L’essentiel des dépenses, anticipées à 3,866 mds USD (2,86 mds EUR) est consacré aux salaires et retraites, évalués à 2,018 mds USD (1,5 md EUR), soit une hausse de 4,9% par rapport à 2013, et environ 19% du PIB.

Les salaires sont essentiellement financés par les taxes douanières et la TVA prélevées sur les marchandises destinées aux Palestiniens transitant par Israël, qui les rétrocède à l’Autorité palestinienne, d’un montant moyen de quelque 90 M EUR par mois, soit les deux tiers des recettes budgétaires propres de l’Autorité.

Dans son rapport aux donateurs en septembre, l’Autorité palestinienne soulignait que « sans la fin de l’occupation israélienne, en particulier le siège de la bande de Gaza et les restrictions israéliennes en zone C et à Jérusalem-Est, une croissance économique durable impulsée par le secteur privé est inaccessible ».

La Banque mondiale a estimé dans un rapport en octobre que l’économie palestinienne pourrait croître de plus d’un tiers si Israël levait ses restrictions au développement en « zone C », c’est-à-dire les 60% de la Cisjordanie sous son contrôle total, évaluant le manque à gagner pour l’économie palestinienne à 3,4 milliards de dollars par an (2,5 milliards d’euros).

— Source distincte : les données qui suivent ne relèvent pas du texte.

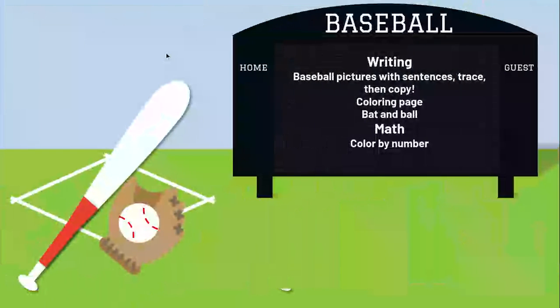And for our writing, you guys all got the baseball pictures that you can gather. Trace the sentence and then copy the sentence, or you can trace the sentence and then write your own sentence about your picture, or however you want to do it. There is also the coloring page — just coloring the bat and the ball.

En cas d’échec des négociations de paix, les exportations israéliennes seraient confrontées à une perte de 20 milliards de shekels (soit, 4.25 milliards d’euros) et le PIB serait probablement réduit de 11 milliards de shekels par an. Sans compter quelques 9800 travailleurs qui seraient immédiatement licenciés.

Le ministre des Finances israélien Yair Lapid, a également rejeté les allégations portées par le ministre de l’Economie et du commerce, Naftali Bennett, à savoir qu’un Etat palestinien serait un fardeau économique pour Israël.

Un accord de paix entraînerait une augmentation de 20 milliards de NIS par an pour le budget de l’Etat, et une croissance potentielle qui s’estime à 16 millions de NIS pour les exportations, a-t-il maintenu.